Julius Isaac Foust (1865-1946) was the second president of the school now known as The University of North Carolina at Greensboro, serving from 1906 until his retirement in 1934.

Foust was a native of Alamance County, North Carolina and an 1890 graduate of the University of North Carolina at Chapel Hill with a degree in philosophy. He served as a teacher, principal, and superintendent of schools in Wilson, North Carolina and Goldsboro, North Carolina. In 1902, he arrived at State Normal and Industrial School (now UNCG) as a professor of education. Upon the death of founding president Charles Duncan McIver in September 1906, Foust was named interim president of the school. In 1907, he was officially named the second president of State Normal.
Under Foust's leadership, the school grew from a total student body of 461 in 1907 to 1,761 in 1931. By 1931, it was the third largest college for women in the country. The physical plant also grew during his presidency. Between 1906 and 1934, the campus added eleven residence halls, three dining halls, a gymnasium, music building, auditorium, classroom building, infirmary, and more.

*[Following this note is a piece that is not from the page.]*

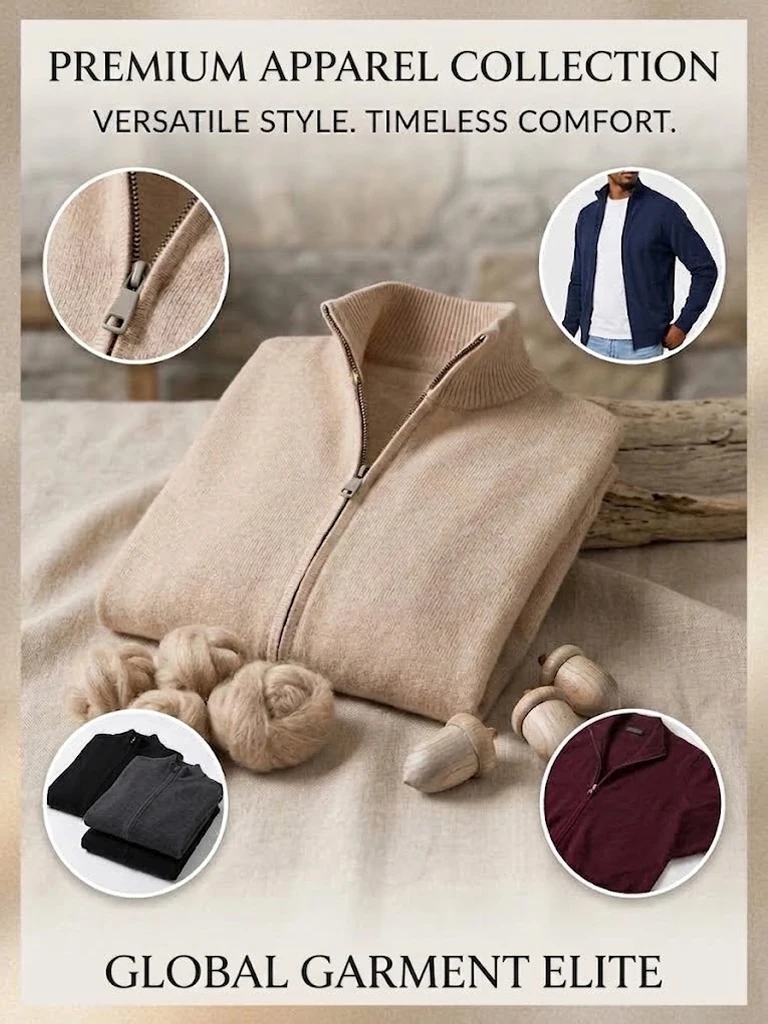 Herbst Herren Casual Stehkragen Strickjacke mit Reißverschluss Winter Warmer Pullover Mantel Oberbekleidung Langarm Streetwear Top – Detail 1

Upon retirement, Foust was made president emeritus of the college. He died at his winter home in Lakeland, Florida, on February 15, 1946. He was buried in Green Hill Cemetery in Greensboro, North Carolina.
On February 22, 1960, the main administrative building on campus was renamed the Julius I. Foust Building in honor of Foust's contributions to the campus. The Julius Foust Elementary School in Greensboro is also named in his memory.